EXERCISE DESCRIPTION:
Restate the whole of the data below word for word, skipping the images.

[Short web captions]
Content starts

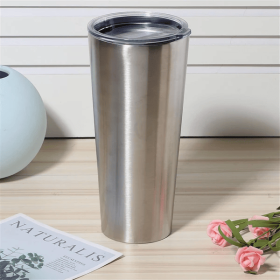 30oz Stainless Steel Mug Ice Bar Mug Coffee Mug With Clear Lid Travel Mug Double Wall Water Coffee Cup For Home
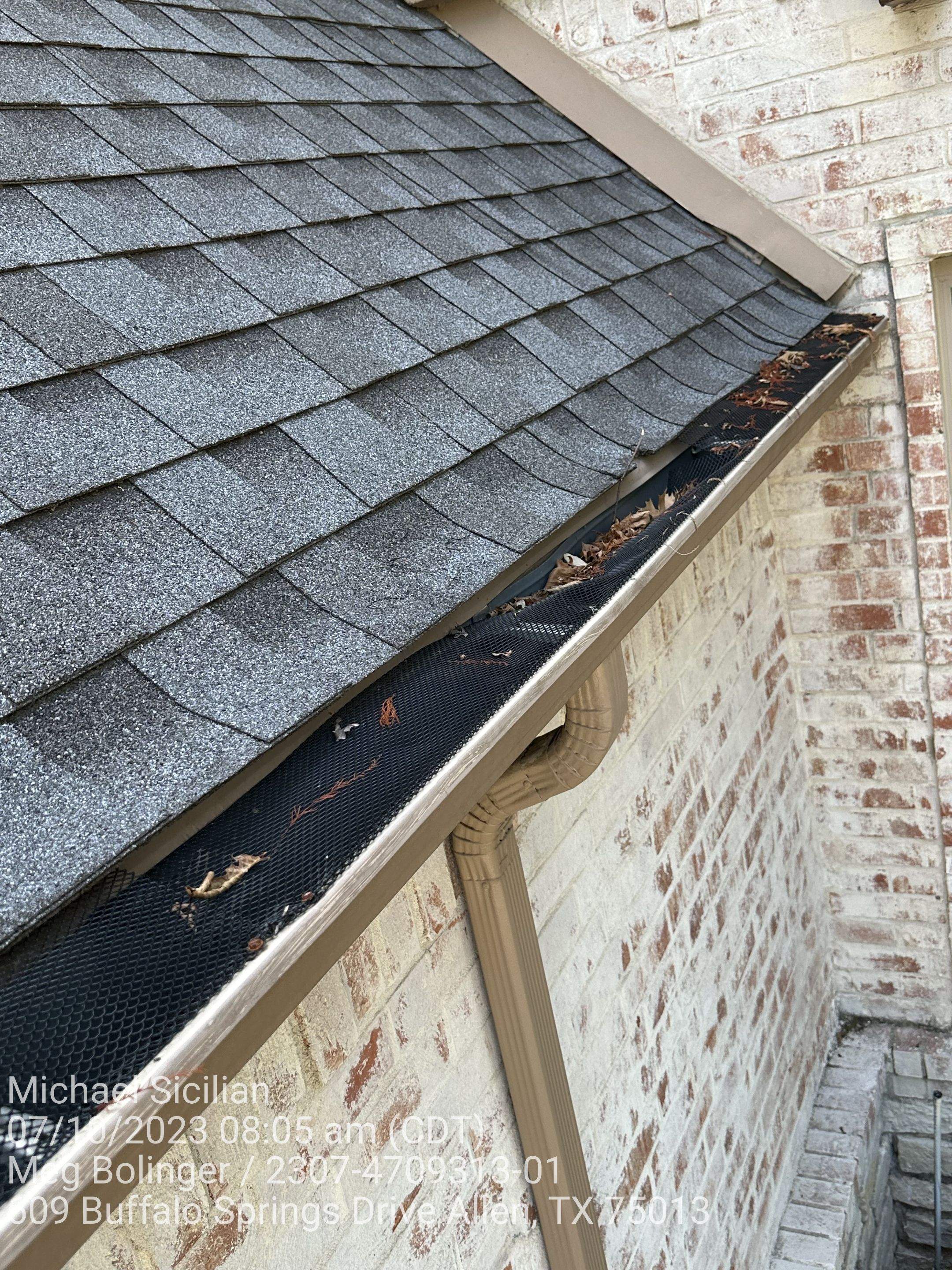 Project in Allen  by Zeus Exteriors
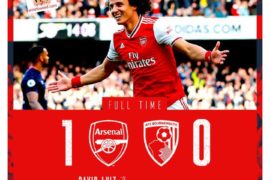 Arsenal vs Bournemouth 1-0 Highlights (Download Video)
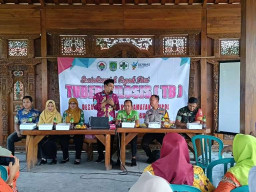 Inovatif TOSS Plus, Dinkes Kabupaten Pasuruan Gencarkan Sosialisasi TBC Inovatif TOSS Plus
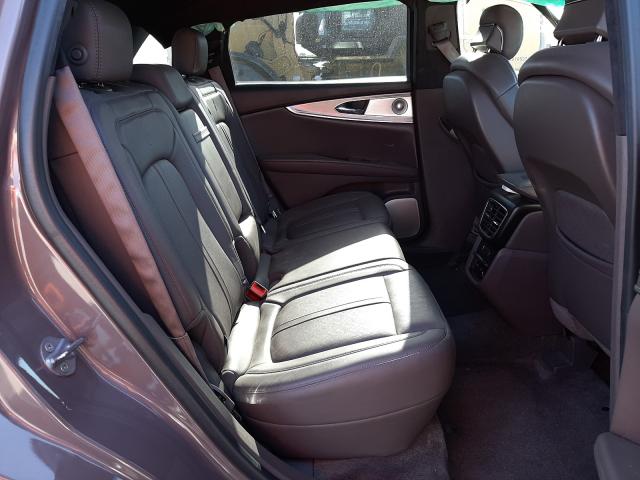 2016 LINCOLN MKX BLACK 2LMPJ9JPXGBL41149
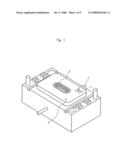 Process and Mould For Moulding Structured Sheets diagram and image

Content ends

OUTPUT:
 30oz Stainless Steel Mug Ice Bar Mug Coffee Mug With Clear Lid Travel Mug Double Wall Water Coffee Cup For Home
 Project in Allen  by Zeus Exteriors
 Arsenal vs Bournemouth 1-0 Highlights (Download Video)
 Inovatif TOSS Plus, Dinkes Kabupaten Pasuruan Gencarkan Sosialisasi TBC Inovatif TOSS Plus
 2016 LINCOLN MKX BLACK 2LMPJ9JPXGBL41149
 Process and Mould For Moulding Structured Sheets diagram and image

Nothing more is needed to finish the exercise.